Depuis que nous enquêtons sur le dropshipping, nous recevons des dizaines de témoignages nous alertant sur le cas particulier des Gargouilles. Ce nom vous dit peut-être quelque-chose ? Pas étonnant. En quelques mois, la marque de « lessive alternative » a littéralement inondé le web de publicités. Du post sponsorisé à la vidéo Youtube, via un marketing agressif et un greenwashing affolant, les Gargouilles tentent de vendre des boules de lessives « révolutionnaires » et écologiques… en plastique ! Cherchez l’erreur. À l’intérieur ? Des billes en céramiques low-cost dont l’efficacité n’a jamais été prouvée et dont l’origine reste opaque. Mais si nous recensons autant d’avertissements concernant cette marque, c’est que sa qualité et son authenticité sont fortement remises en doute. Pourquoi la boutique ne possède-t-elle que des avis positifs sous ses posts ? Comment parvient-elle à faire passer pour éco-responsable un produit en plastique disponible sur Aliexpress pour quelques centimes seulement ? Enquête.
Plus c’est gros, plus ça passe. Ce serait là toute la stratégie des Gargouilles. Repousser les limites du dropshipping pour se barricader derrière une méthode plus insidieuse, baptisée marque blanche. Définition ? Le fournisseur, souvent low-cost, rend disponible ses produits sans logo sur son site pour quelques centimes l’unité. Mais la marque blanche, au lieu de revendre cette marchandise telle quelle, personnalise d’abord le gadget à l’effigie du revendeur. Cette étape supplémentaire de packaging implique parfois du stockage, mais n’empêche pas l’origine low-cost, ni la marge indécente. Elle permet, au contraire, d’encore mieux camoufler ces aspects derrière une image pseudo-engagée, locale ou écologique, aidée par ce fameux estampillage marketing. Aussi, pour mieux emballer l’internaute soucieux de sa consommation, n’est-il plus question de simples artifices en ligne, mais également d’un packaging qui vend le rêve d’une entreprise fiable et crédible. Du dropshipping 2.0.
Le Greenwashing est partout. De nombreuses marques se laissent tenter par l’entourloupe commerciale, même chez les géants de la distribution, à hauteur de 42% selon la Commission européenne. Chaque cas mérite indignation. Particulièrement décomplexée, ces intoxications commerciales font émerger une mode nuisible, protégée de tout soupçon au nom de l’écologie, banalisant un filon dont l’échelle impactera directement le secteur de l’artisanat et les transitions réellement zéro-déchets. Des clones de ce colifichet sont par ailleurs, dores et déjà, en pleine éclosion un peu partout sur internet…

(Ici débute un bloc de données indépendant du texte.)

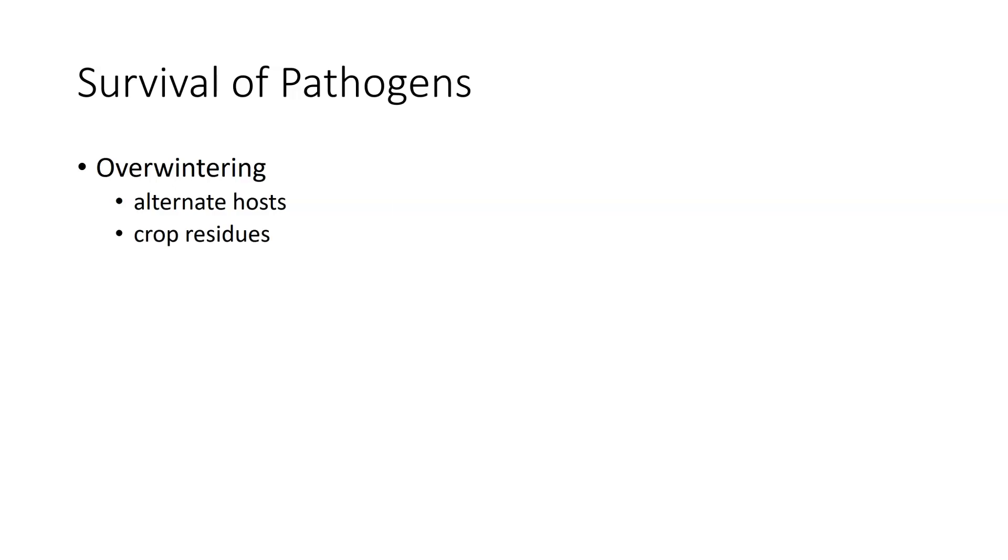Overwintering can also occur on crop residue. You have the plant, the plant gets harvested, you leave the residue out there, and the residue is keeping the pathogen around so that it can survive.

Leur modèle de référence ? Une Gargouille qui se présente comme « l’alternative saine, écologique et plus économique que la lessive traditionnelle » lavant « naturellement le linge sans salir la planète » . Séduisant. Du verdissement terminologique pour vendre une simple boule en plastique. Voilà tout ce que les clients achètent en fin de compte, et tout ce sur quoi peut compter la marque pour liquider son produit-gagnant. Car à défaut de proposer une véritable solution lavante, efficace et non polluante, l’entreprise noie les internautes sous des flots d’écoblanchiment. De leur vitrine, au colis, en passant par leur communication sur les réseaux sociaux, les Gargouilles récupèrent sans scrupule le drame que vit aujourd’hui notre planète pour distribuer tout ce qui symbolise justement notre funeste modèle industriel : utilisation de plastique, fabrication opaque, expéditions depuis des usines inconnues et délocalisées, incitation à la consommation, vacuité du produit… Et ce travestissement éhonté ne fait pas dans la demi-mesure, allant du slogan accrocheur, à la promesse d’une action caritative et d’un engagement sur le terrain, séduisant les associations par de gros chèques.